● TASK DESCRIPTION
Return, exactly and with nothing added, the line with "Extra Strength Omega" together with all lines after it through the end of the data below. No pictures belong in the copy.

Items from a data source
== Segment start ==

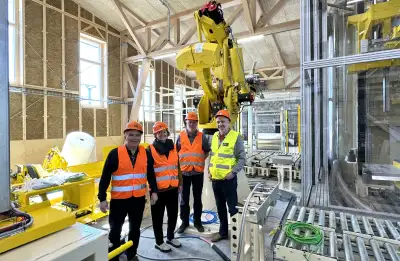 Bruce Becker, Bronwyn Barry, Andrew Michler, and Bjorn Kierulf at the Ecococon factory in Slovakia. All images courtesy of Bronwyn Barry.
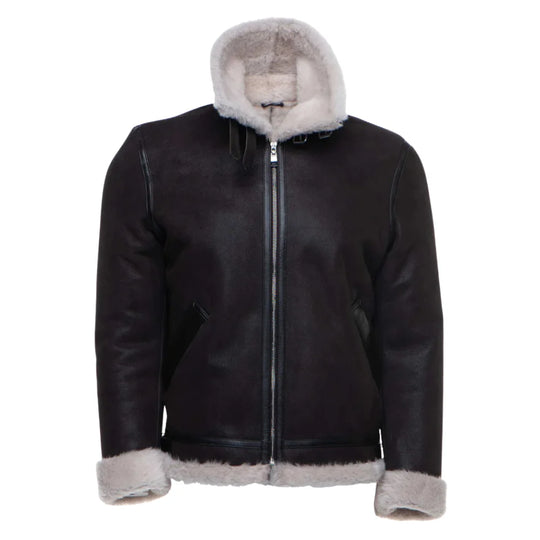 Hampton's Classic Brown B 3 Bomber Aviator Shearling Jacket with Collar Belt front angle vintage bomber jacket with shearling lining
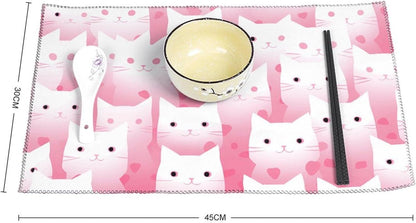 Peach Cat Pattern Placemats Set of 4 - Non-Slip Heat Resistant Place Mats Farmhouse Rustic Table Mats Reusable Hard Canvas Placemat for Dining, Kitchen, Party Indoor/Outdoor Decoration
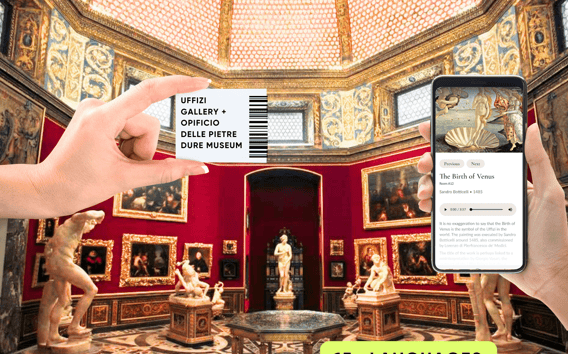 Florença: Ingresso prioritário para a Galeria Uffizi com o aplicativo de áudio Masterpieces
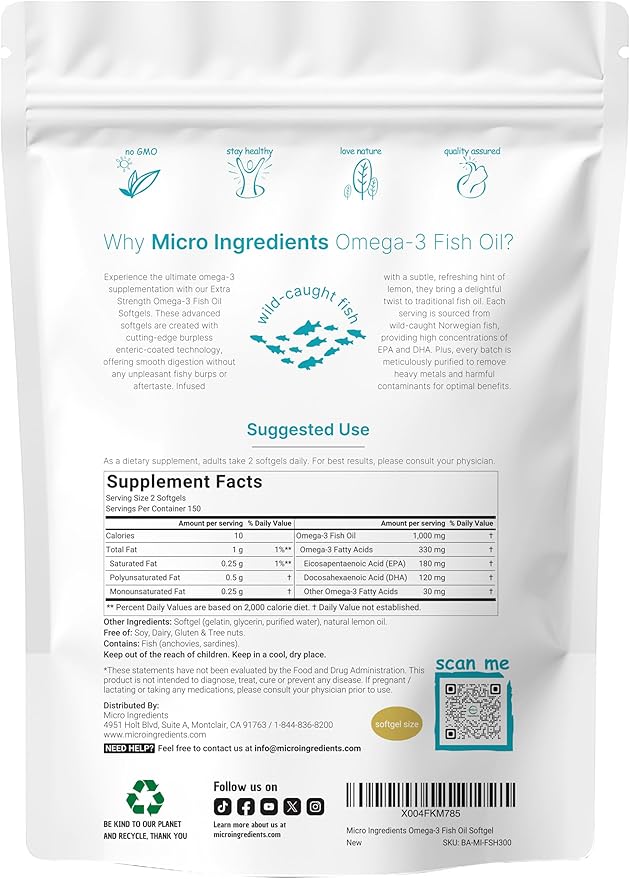 Extra Strength Omega 3 Fish Oil Supplements 1,000mg Per Serving, 300 Softgels | Lemon Flavored | Burpless | EPA 180mg + DHA 120mg | Deep Sea Fish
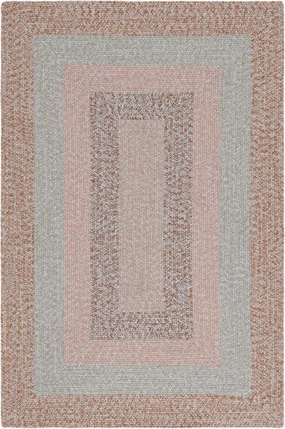 Safavieh Braided Collection Area Rug - 5' x 8', Brown/Grey Pink, Geometric Design, Machine Washable Indoor/Outdoor & Washable-Ideal for Patio, Backyard, Mudroom (BRD318G)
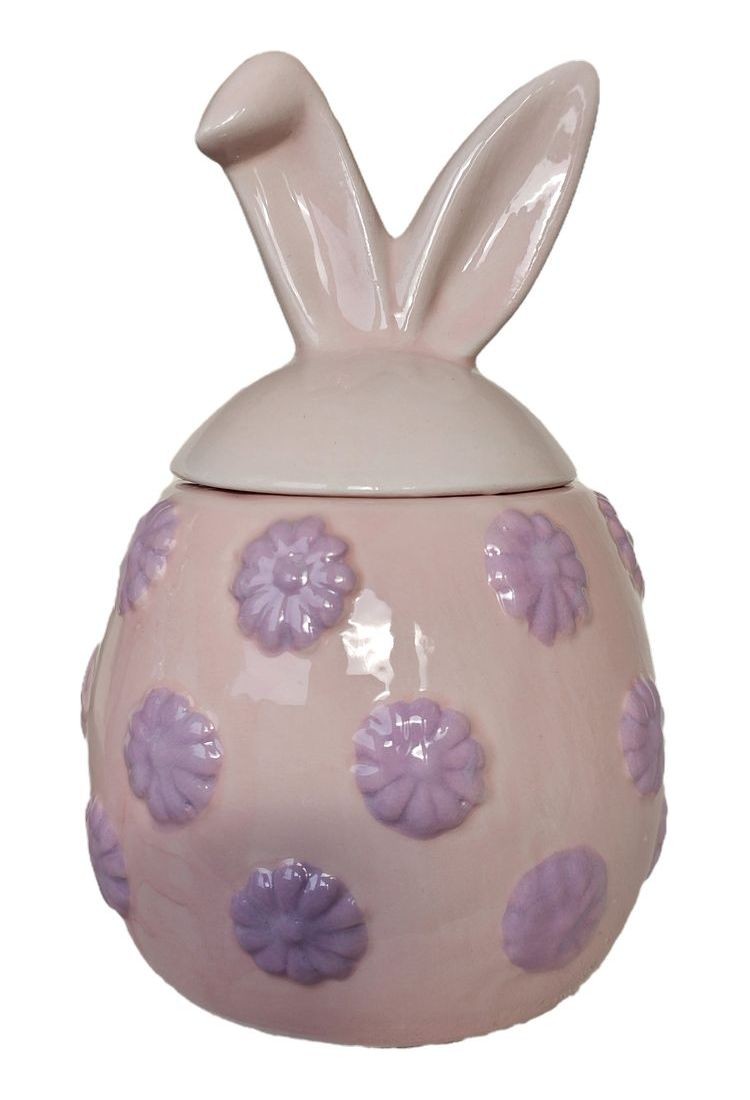 Růžová keramická dóza vajíčko s květy a oušky Rabbi - Ø 10*15 cm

== Segment end ==

● RESULT FOR THIS EXERCISE
 Extra Strength Omega 3 Fish Oil Supplements 1,000mg Per Serving, 300 Softgels | Lemon Flavored | Burpless | EPA 180mg + DHA 120mg | Deep Sea Fish
 Safavieh Braided Collection Area Rug - 5' x 8', Brown/Grey Pink, Geometric Design, Machine Washable Indoor/Outdoor & Washable-Ideal for Patio, Backyard, Mudroom (BRD318G)
 Růžová keramická dóza vajíčko s květy a oušky Rabbi - Ø 10*15 cm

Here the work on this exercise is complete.